401 Unauthenticated Access

[jforjay1]

Not able to book appoinment using url "https://cdn-api.co-vin.in/api/v2/appointment/schedule". Response returns 401. Below is the code: (Consider session_list is declared above and has correct value)

urlpost = "https://cdn-api.co-vin.in/api/v2/appointment/schedule"
header = {'User-Agent': 'Mozilla/5.0 (Windows NT 10.0; Win64; x64) AppleWebKit/537.36 (KHTML, like Gecko) Chrome/70.0.3538.77 Safari/537.36'}
for id in range(0,len(session_list)):
    postdata = {"dose": 1,"session_id": str(session_list[id]),"slot": "AFTERENOON","beneficiaries": ["MY SECRET ID"]}
    responsepost = requests.post(urlpost,headers=header,json=postdata)
    postresponsecode = responsepost.status_code
    print(postresponsecode)

Please help me solve this and let me know what I am doing wrong?

[gautam404]

@jforjay1 you need to pass Bearer Auth (token) in the header and plus have you got the api key?

[deepak-ezetap]

@jforjay1 you need to pass Bearer Auth (token) in the header and plus have you got the api key?

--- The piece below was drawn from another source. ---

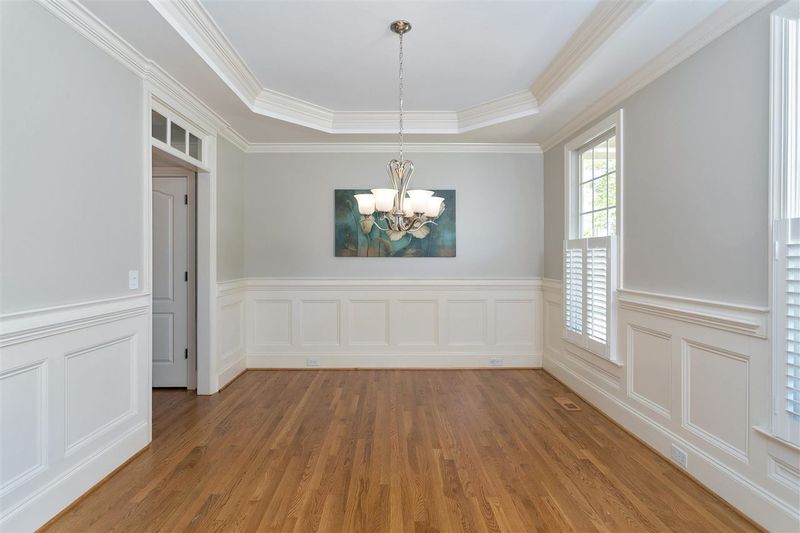 123 Barclay Valley Dr, Cary, NC 27519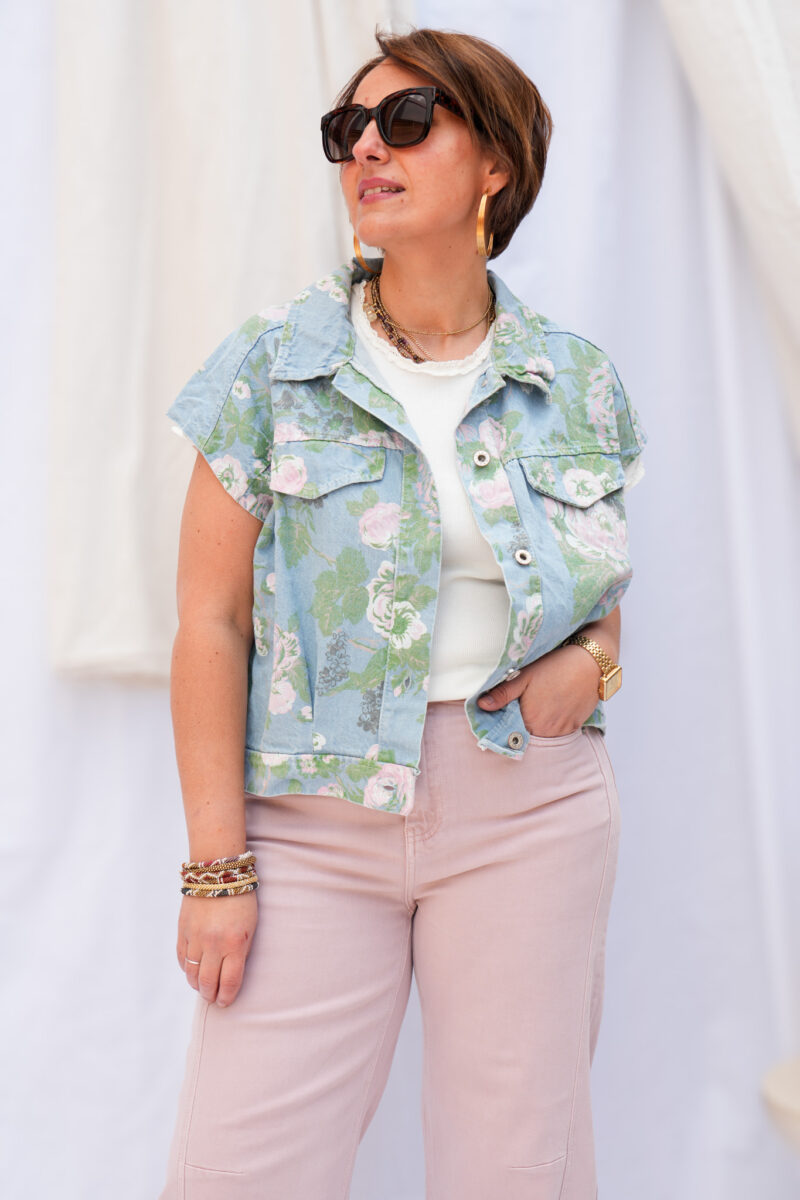 gilet-sans-manche-en-jeans-motif-fleuri_04 gilet sans manche en jeans motif fleuri 04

@gautam404 I have got the token after confirming the OTP. I have 2 questions.

1. How do we get the api key?
2. How to pass the token in the header? Authorization= OR Authorization=Bearer

Thank you

[patelhir]

@jforjay1 you need to pass Bearer Auth (token) in the header and plus have you got the api key?

How to get API key?

[jforjay1]

@deepakezetap public key is available on website. if you want private key you need to register for that. public key is 3sjOr2rmM52GzhpMHjDEE1kpQeRxwFDr4YcBEimi

@gautam404 I also wanted to know and of 2nd question😂 and how to use API key?

[deepak-ezetap]

3sjOr2rmM52GzhpMHjDEE1kpQeRxwFDr4YcBEimi

Isn't this the public key for the test server? how do we register to get the key for prod server?

[jforjay1]

@deepakezetap I guess thats the problem!

@patelhir You have be organization/company to get 'x-api-key' for production server and they do not give it to individual.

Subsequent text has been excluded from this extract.